38      Having regard to the answer given to the first three questions, there is no need to answer the fourth question.

 Costs

39      Since these proceedings are, for the parties to the main proceedings, a step in the action pending before the national court, the decision on costs is a matter for that court. Costs incurred in submitting observations to the Court, other than the costs of those parties, are not recoverable.

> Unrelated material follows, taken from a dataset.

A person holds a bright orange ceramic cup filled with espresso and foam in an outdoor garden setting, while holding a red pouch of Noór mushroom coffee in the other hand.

On those grounds, the Court (Third Chamber) hereby rules:

Article 9(3) of Regulation (EC) No 561/2006 of the European Parliament and of the Council of 15 March 2006 on the harmonisation of certain social legislation relating to road transport and amending Council Regulations (EEC) No 3821/85 and (EC) No 2135/98 and repealing Council Regulation (EEC) No 3820/85

must be interpreted as meaning that the concept of ‘employer’s operational centre where the driver is normally based’ set out in that provision designates a place, such as an external depot for vehicles falling within the scope of that regulation, from which the driver concerned usually carries out his or her shift and to which he or she returns at the end of that shift, in the normal exercise of his or her functions and without complying with specific instructions from his or her employer in that regard. Whether sanitary facilities or social or rest areas are present at such a place is irrelevant in that regard. However, the geographical proximity of the place of residence of that driver may be taken into account, without being decisive in itself.

[Signatures]


*      Language of the case: Hungarian.